### Your assignment:
For the listing below, print exactly the lines from the line with "Rỗng huyết thanh" to the line with "Deco Snowflake Clay Cutter - Claylab", both included, and nothing beyond them.

--- Supplied records Enclosed Below ---

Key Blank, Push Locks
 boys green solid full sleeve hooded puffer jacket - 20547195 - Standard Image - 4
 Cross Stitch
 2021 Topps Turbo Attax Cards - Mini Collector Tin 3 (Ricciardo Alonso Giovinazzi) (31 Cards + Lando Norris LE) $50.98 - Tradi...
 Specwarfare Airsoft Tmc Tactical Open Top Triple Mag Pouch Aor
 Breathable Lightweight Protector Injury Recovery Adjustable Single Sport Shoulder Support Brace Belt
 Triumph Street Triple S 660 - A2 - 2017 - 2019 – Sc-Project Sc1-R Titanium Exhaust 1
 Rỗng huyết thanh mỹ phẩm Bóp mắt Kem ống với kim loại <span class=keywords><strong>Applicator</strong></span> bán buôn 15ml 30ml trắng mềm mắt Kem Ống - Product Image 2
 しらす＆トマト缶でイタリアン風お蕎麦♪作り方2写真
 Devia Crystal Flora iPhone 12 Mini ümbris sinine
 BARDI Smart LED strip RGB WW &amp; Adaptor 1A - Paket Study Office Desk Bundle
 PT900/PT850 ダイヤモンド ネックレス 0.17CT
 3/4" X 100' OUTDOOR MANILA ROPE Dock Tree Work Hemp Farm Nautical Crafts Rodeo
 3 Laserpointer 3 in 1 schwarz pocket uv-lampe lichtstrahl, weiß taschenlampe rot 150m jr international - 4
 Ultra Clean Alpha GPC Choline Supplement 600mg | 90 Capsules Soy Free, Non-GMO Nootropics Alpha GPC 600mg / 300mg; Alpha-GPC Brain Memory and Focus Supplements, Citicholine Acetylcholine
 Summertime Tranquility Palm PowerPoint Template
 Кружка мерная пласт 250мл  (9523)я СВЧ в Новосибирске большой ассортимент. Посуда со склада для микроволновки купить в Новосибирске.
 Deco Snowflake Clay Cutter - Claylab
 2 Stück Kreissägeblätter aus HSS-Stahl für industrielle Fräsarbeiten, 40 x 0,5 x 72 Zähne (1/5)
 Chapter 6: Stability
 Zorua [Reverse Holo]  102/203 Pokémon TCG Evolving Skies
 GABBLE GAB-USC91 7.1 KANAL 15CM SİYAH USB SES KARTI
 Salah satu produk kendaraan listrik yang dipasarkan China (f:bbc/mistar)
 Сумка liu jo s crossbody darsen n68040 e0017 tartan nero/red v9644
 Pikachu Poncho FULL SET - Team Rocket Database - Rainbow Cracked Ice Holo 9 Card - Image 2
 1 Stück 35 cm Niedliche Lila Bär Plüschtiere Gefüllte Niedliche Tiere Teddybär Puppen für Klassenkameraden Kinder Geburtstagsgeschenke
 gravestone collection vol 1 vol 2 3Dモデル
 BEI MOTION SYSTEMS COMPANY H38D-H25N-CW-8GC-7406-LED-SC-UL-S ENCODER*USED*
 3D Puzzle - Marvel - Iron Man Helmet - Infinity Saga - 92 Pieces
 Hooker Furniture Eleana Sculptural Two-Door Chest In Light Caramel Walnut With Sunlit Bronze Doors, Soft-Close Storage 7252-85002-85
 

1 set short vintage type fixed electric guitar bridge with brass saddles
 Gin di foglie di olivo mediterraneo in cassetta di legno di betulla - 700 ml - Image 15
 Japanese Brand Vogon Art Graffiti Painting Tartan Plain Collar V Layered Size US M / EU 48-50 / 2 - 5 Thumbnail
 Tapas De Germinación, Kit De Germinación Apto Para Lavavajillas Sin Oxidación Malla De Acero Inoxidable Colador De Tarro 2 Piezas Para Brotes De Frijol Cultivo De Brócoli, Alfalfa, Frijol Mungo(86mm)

--- End of Enclosed Supplied records ---

### Answer to this problem:
 Rỗng huyết thanh mỹ phẩm Bóp mắt Kem ống với kim loại <span class=keywords><strong>Applicator</strong></span> bán buôn 15ml 30ml trắng mềm mắt Kem Ống - Product Image 2
 しらす＆トマト缶でイタリアン風お蕎麦♪作り方2写真
 Devia Crystal Flora iPhone 12 Mini ümbris sinine
 BARDI Smart LED strip RGB WW &amp; Adaptor 1A - Paket Study Office Desk Bundle
 PT900/PT850 ダイヤモンド ネックレス 0.17CT
 3/4" X 100' OUTDOOR MANILA ROPE Dock Tree Work Hemp Farm Nautical Crafts Rodeo
 3 Laserpointer 3 in 1 schwarz pocket uv-lampe lichtstrahl, weiß taschenlampe rot 150m jr international - 4
 Ultra Clean Alpha GPC Choline Supplement 600mg | 90 Capsules Soy Free, Non-GMO Nootropics Alpha GPC 600mg / 300mg; Alpha-GPC Brain Memory and Focus Supplements, Citicholine Acetylcholine
 Summertime Tranquility Palm PowerPoint Template
 Кружка мерная пласт 250мл  (9523)я СВЧ в Новосибирске большой ассортимент. Посуда со склада для микроволновки купить в Новосибирске.
 Deco Snowflake Clay Cutter - Claylab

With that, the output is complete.